MORE ABOUT BEAUTY AND UGLINESS IN ART

The illustrator A.B. Frost drew with a marvelous line.  He had a special knack for infusing animals with character:

Note the unorthodox way Frost depicts that tail, the stance of the barking dog, the way Frost captures the shape of
the dog's skull, the comical exaggeration of the open mouth and those long, droopy ears.
 

I'm dazzled by the speed and confidence of Frost's beautiful line capturing this dancer wearing an apron.

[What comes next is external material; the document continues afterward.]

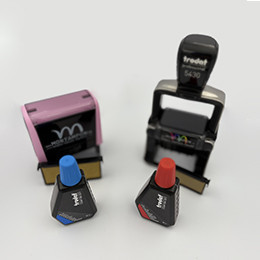 encres Pour tampons automatiques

You have to wonder whether this was drawn with a pen or a rapier.

Note the shading on those shoes; what beautiful ink!

When it came to suggesting a background, Frost knew to use a light touch.  Not too much detail, but he nevertheless understood that the tree trunks required a round line, while the tree branches required a flurry of light scratches.


The drawing was published in Life magazine in 1922, long before the era of videos, yet Frost made the image more dynamic, infused with more energy and speed, than many videos depicting actual movement today: 

I love the powerful shadows under the man's arm, under the flaps of his jacket, and
on his ankle.  Those shoes are sheer poetry! 

SO we can safely conclude that this is a beautiful drawing, right?

Uh oh!



The caption on this drawing was, "Yo’ kin talk erbout yo’ tukkey an’ yo’ chicken an’ yo’ goose. Dem things is good fo’ white folks…”.   

So what do you think?  Beautiful? Ugly?  Both?

________________________________
The drawing was exhibited at the recent show, "Imprinted" at the Norman Rockwell Museum and will be traveling to other museums.  Definitely worth seeing if you get the chance.